ANNAPOLIS – Maryland Attorney General Brian E. Frosh on Wednesday called for repealing the state’s authority to suspend the driver’s licenses of motorists who fail to pay a traffic fine or fee because they lack the funds, saying such a suspension criminalizes poverty and forces low-income drivers to choose between missing work or tempting arrest by driving on a suspended license.
Suspending driver’s licenses because the motorist was unable to pay has “unintended but terrible consequences,” Frosh said. “They (the suspended motorists) get sucked into a vortex of punishment and poverty.”
Frosh’s comments came in support of legislation that would remove the state Motor Vehicle Administration’s authority to suspend a driver’s license when the motorist was unable to pay a fee or fine for a civil traffic offense. A similar measure died in the General Assembly last year when the bill lacked the full-throated support of Frosh or then-Senate President Thomas V. Mike Miller Jr.
First-year Senate President William “Bill” Ferguson also voiced support for the bill, saying the state should “stop punishing poverty” by suspending the drivers’ licenses of motorists who cannot pay the fine or fee.
“We have to rethink our policies that are punishing and penalizing poverty,” said Ferguson, D-Baltimore.
Del. Brooke Lierman, the bill’s chief sponsor, said suspending licenses for failure to pay a fee or fine shows that “government has been too exuberant in creating barriers” to the efforts of low-income residents to succeed.
“We have criminalized the act of being unable to pay a fine or fee,” said Lierman, D-Baltimore.
Republican Sen.
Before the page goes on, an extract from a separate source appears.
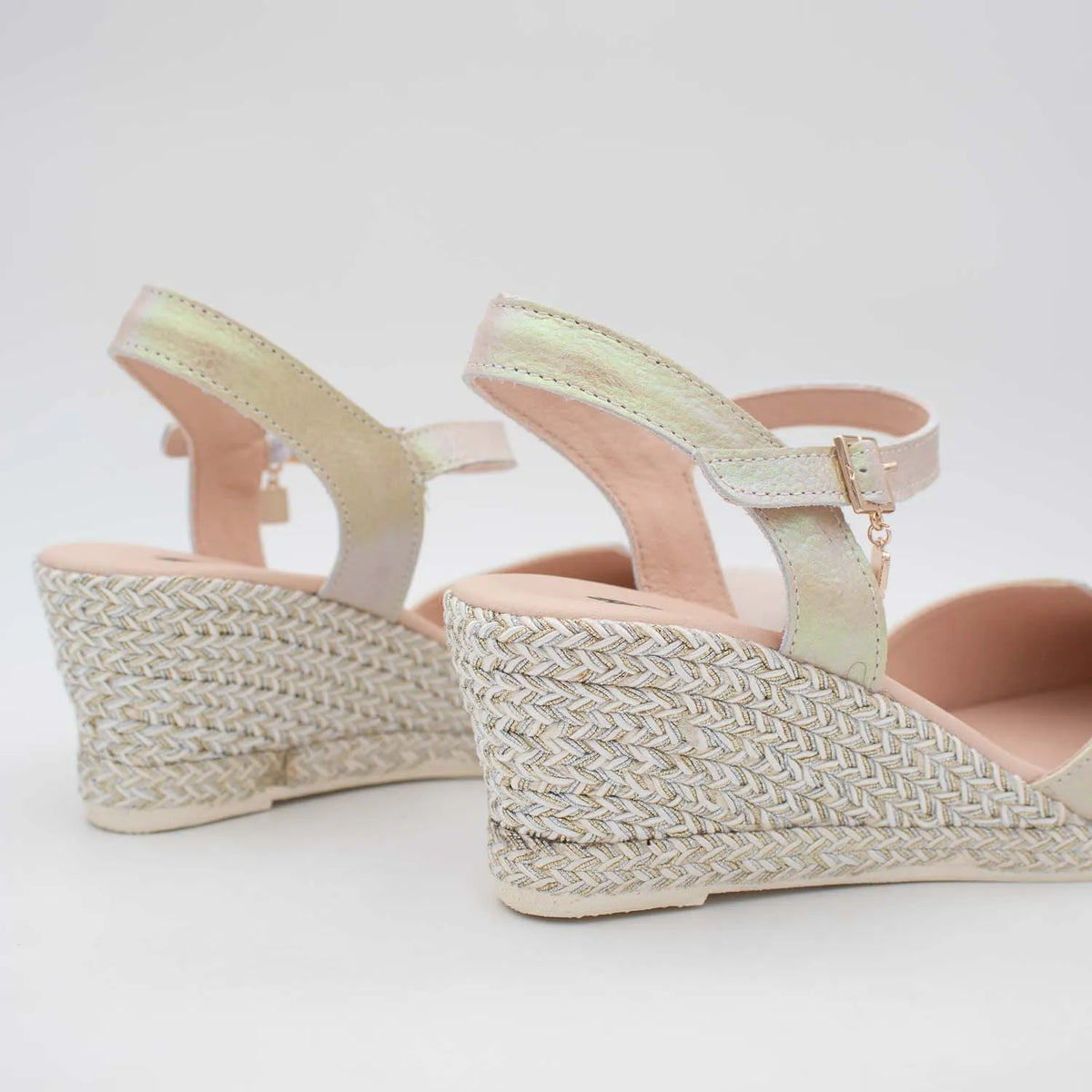 Jose Saenz Beige & Gold Espadrille Wedge – Elegant & Multicolour Shine - Leavys Shoes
Chris West, also a sponsor of the bill, hailed what he called bipartisan legislation that would allow low-income motorists to keep their licenses but not let them get off “scot free” for their traffic violations or unpaid fees. They will still have a civil judgment against them and a continuing obligation to pay while being permitted to drive, said West, of Baltimore County.
The bill will come before the Senate Judicial Proceedings Committee, where it will have the support of the panel’s chairman.
Sen. William C. “Will” Smith Jr., D-Montgomery, called the measure “an economic empowerment bill” that will enable people unable to pay a traffic fine or fee to remain licensed to drive and thus able to get to work.